Walau mungkin tak merugikan pihak lain, orang yang terbiasa pansos seringkali dipandang memiliki perilaku negatif. Mereka ini secara karakter terus membangun image yang tak nyata dari waktu ke waktu, bahkan bisa saja ia menghalalkan segala cara untuk melakukan panjat sosial demi popularitasnya.
Bagi amil zakat, tentu saja pansos lebih banyak mudharatnya dibandingkan dengan manfatnya. Pansos ini ini walau terlihat sebagai fenomena yang wajar, namun bagi amil jadinya tak sederhana. Ia bisa berisiko merusak kejiwaan seseorang dan pada akhirnya mendorong pada sikap riya.

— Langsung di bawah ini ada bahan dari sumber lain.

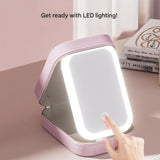 Compacte verlichte make-up organizer voor onderweg - Liora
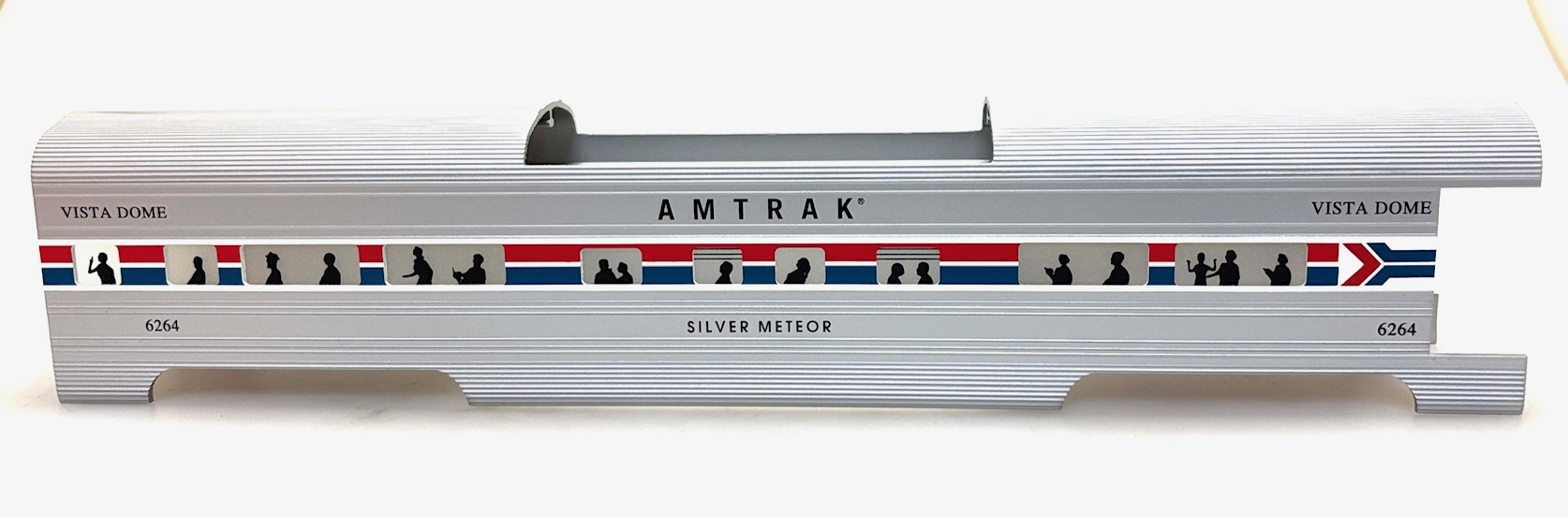 (image for) VISTA DOME SHELL AMTRAK - SILVER METEOR #6264 (60' STREAMLINE O SCALE)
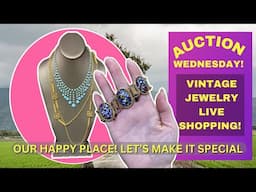 Our HAPPY PLACE Vintage Jewelry Auction! Let's Make It Special!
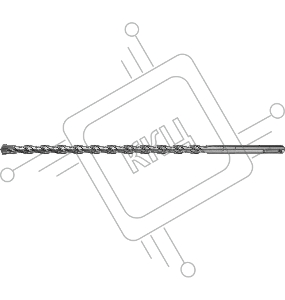 Бур ЗУБР 29315-310-10  SDS+ Ф10х250/310мм МАСТЕР 2 резца спираль 4С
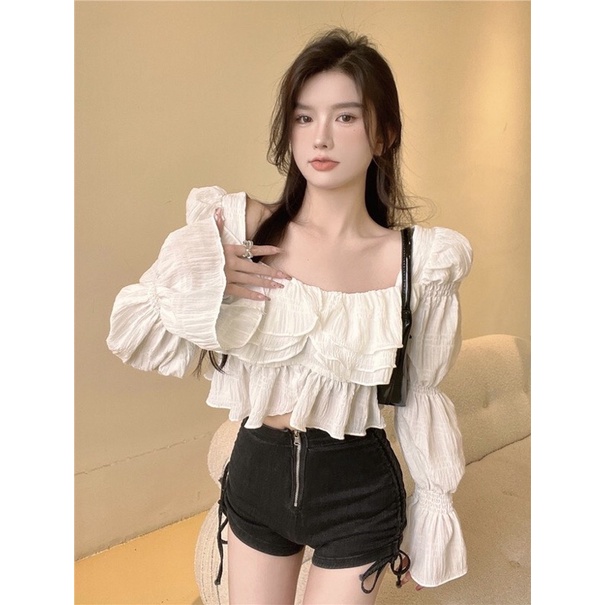 ÁO CỔ U TẦNG BÈO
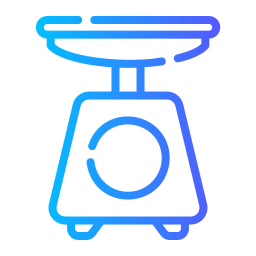 Kitchen scales icon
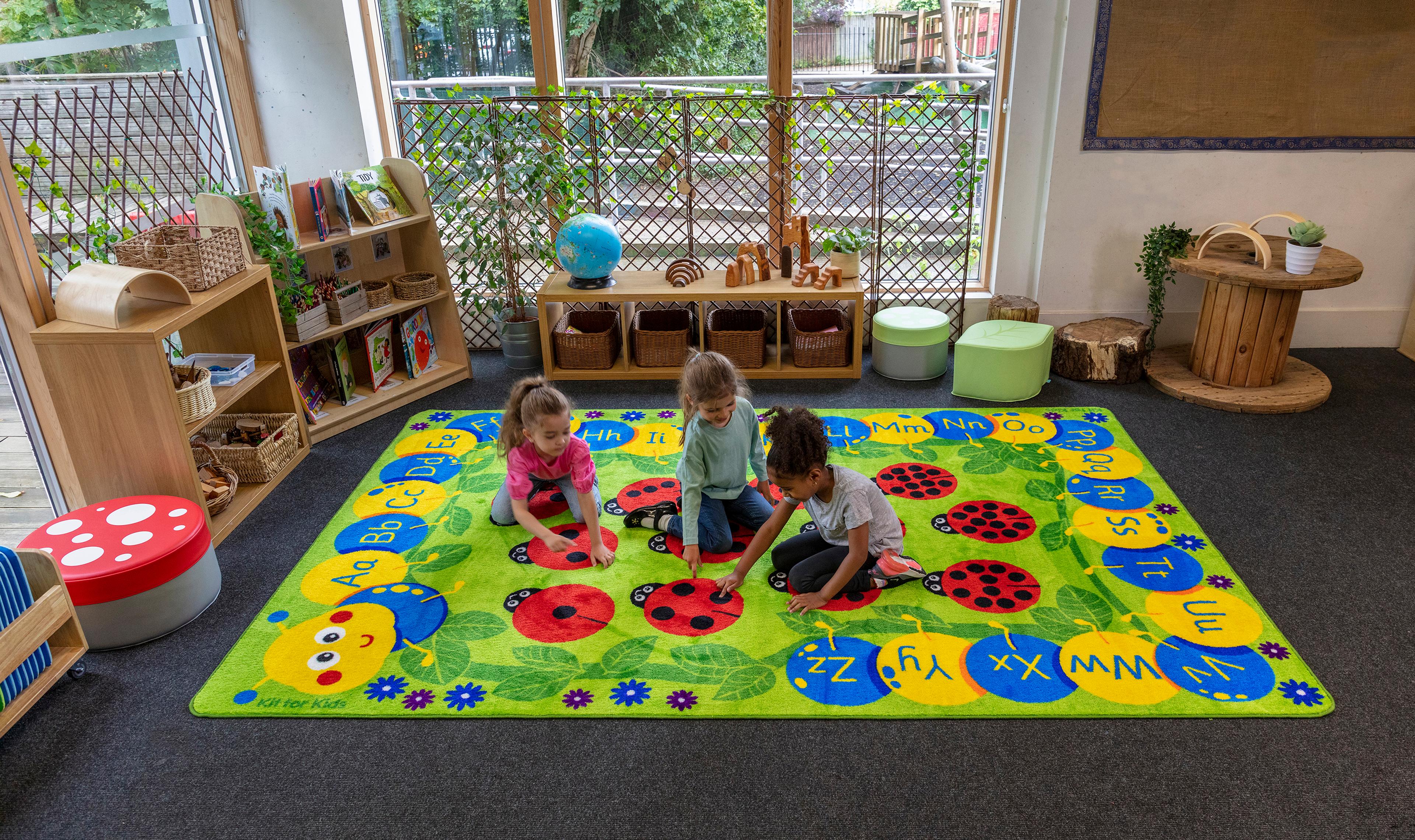 Kit for Kids Back to Nature Chloe Caterpillar Numeracy & Literacy Carpet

Bagi amil yang berlebih dalam membangun citra dirinya, ini akan merugikan dihadapan para muzaki dan mustahik. Ia akan dipandang berlebihan, apalagi bila telah benar-benar maniac dalam pansos-nya. Karena dampak negatif yang akan ia lakukan adalah, amil ini akan terjebak pada sesuatu yang nisbi. Ia akhirnya akan hanya melakukan pertemanan dengan mereka yang memiliki sesuatu yang mereka inginkan atau butuhkan. Saat yang sama, mereka juga hanya akan menghargai relasi yang ia bina berdasarkan popularitas dan status karena hal itu adalah kebutuhan utama mereka dalam menjaga image dan citra dirinya di ranah sosial media mereka.
Demikian kelima gaya atau tipe amil berdasar istilah-istilah di dunia anak-anak milineal. Istilah yang ada sendiri tak selalu bermasalah, apalagi salah. Namun bagi amil, istilah ini menjadi penting manakala bisa mengambil hikmah dan pelajaran dari apa yang ada.
Amil harus tetap rendah hati, namun tak perlu rendah diri. Amil juga harus terus berkerja cepat, efektif dan memudahkan sesama. Dengan kerja-kerja yang terus menerus diperbaiki, semoga akan terus menghasilkan dampak positif yang makin luas.